** Opening Source information block **

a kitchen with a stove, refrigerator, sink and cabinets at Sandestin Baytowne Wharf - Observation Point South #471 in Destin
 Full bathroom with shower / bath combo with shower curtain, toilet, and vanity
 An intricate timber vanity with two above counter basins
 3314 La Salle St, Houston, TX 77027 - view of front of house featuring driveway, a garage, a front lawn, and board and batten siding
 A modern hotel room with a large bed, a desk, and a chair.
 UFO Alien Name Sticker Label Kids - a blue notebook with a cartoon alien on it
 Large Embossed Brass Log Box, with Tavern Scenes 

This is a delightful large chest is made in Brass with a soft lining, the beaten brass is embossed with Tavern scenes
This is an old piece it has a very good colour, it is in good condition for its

** Closing Source information block **

> _Your objective_: Your reply must contain each entry, reproduced exactly.

> _The answer_:
a kitchen with a stove, refrigerator, sink and cabinets at Sandestin Baytowne Wharf - Observation Point South #471 in Destin
 Full bathroom with shower / bath combo with shower curtain, toilet, and vanity
 An intricate timber vanity with two above counter basins
 3314 La Salle St, Houston, TX 77027 - view of front of house featuring driveway, a garage, a front lawn, and board and batten siding
 A modern hotel room with a large bed, a desk, and a chair.
 UFO Alien Name Sticker Label Kids - a blue notebook with a cartoon alien on it
 Large Embossed Brass Log Box, with Tavern Scenes 

This is a delightful large chest is made in Brass with a soft lining, the beaten brass is embossed with Tavern scenes
This is an old piece it has a very good colour, it is in good condition for its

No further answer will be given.